▶ Dataset section:
##########

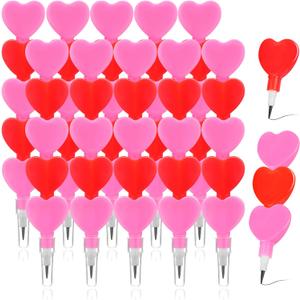 Chinco 48 Pieces Valentine Pencils Heart Stackable Plastic Heart Stacking Colored Pencils for Kids Red Pink Stacking Point Kids Birthday Party Supplies School Fun Equipment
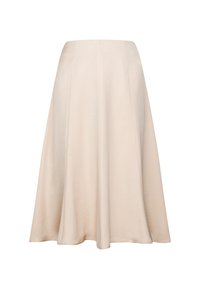 Jupe midi beige en ligne A avec tissu lisse et détails subtils de coutures, présentée sur un fond blanc uni.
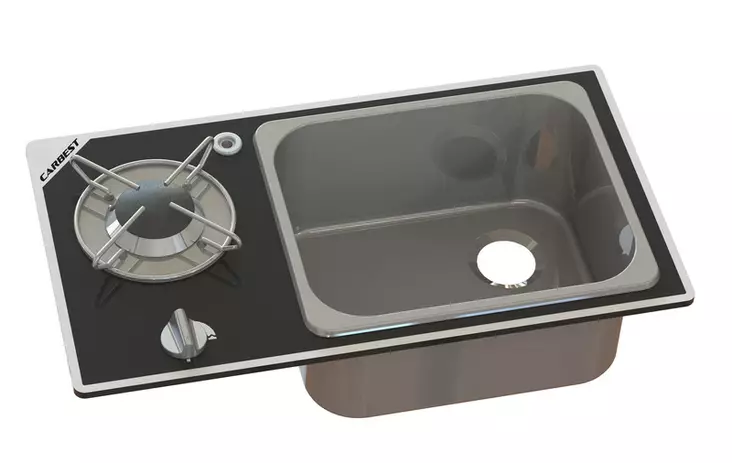 Hob/sink combination – 1 burner with safety glass - Stoves - 8020112527 - 1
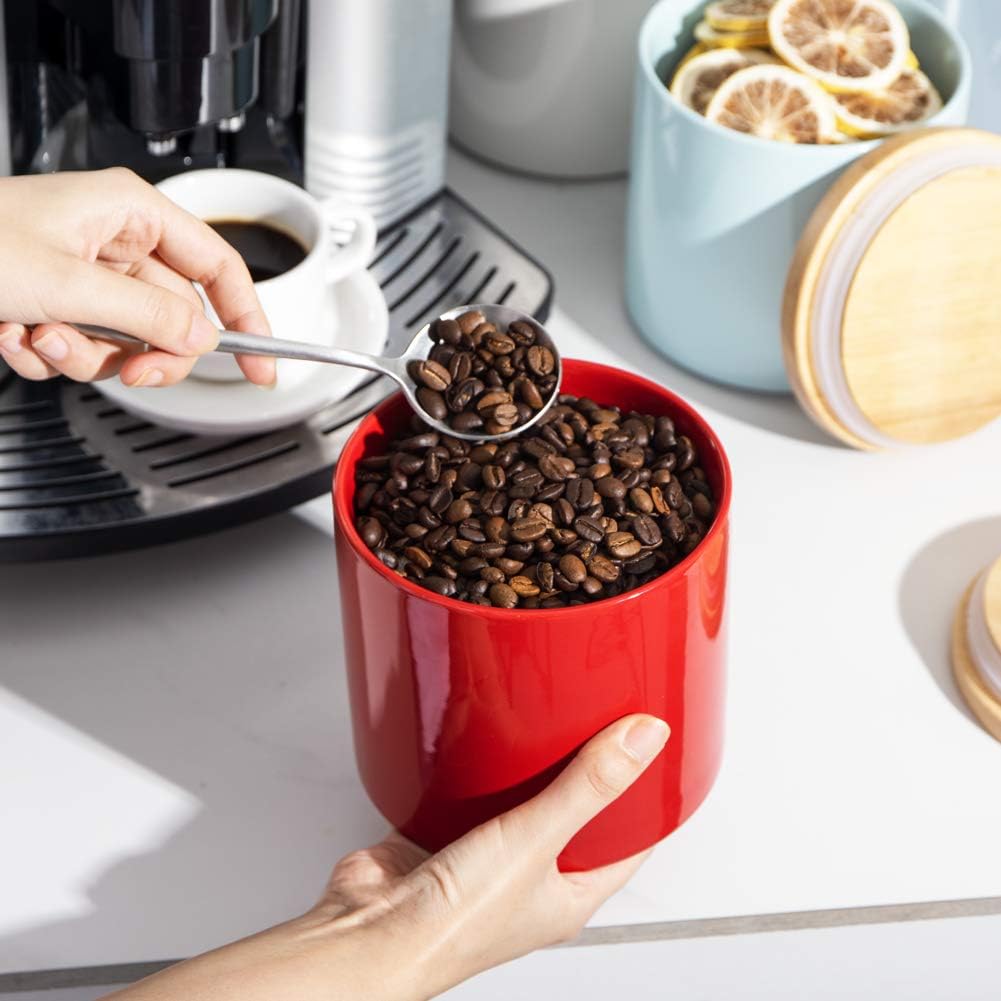 Sweejar Kitchen Canisters Ceramic Food Storage Jar, Stackable Containers with Airtight Seal Wooden Lid for Serving Coffee Bean, Flour, Tea, Cookies and More - 58 Fl Oz (Red)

##########

▶ Assignment: Copy back, word for word, every line between the top of the material above and the line that contains "Hob/sink combination –", both included, without any pictures.

▶ Result for this task:
 Chinco 48 Pieces Valentine Pencils Heart Stackable Plastic Heart Stacking Colored Pencils for Kids Red Pink Stacking Point Kids Birthday Party Supplies School Fun Equipment
 Jupe midi beige en ligne A avec tissu lisse et détails subtils de coutures, présentée sur un fond blanc uni.
 Hob/sink combination – 1 burner with safety glass - Stoves - 8020112527 - 1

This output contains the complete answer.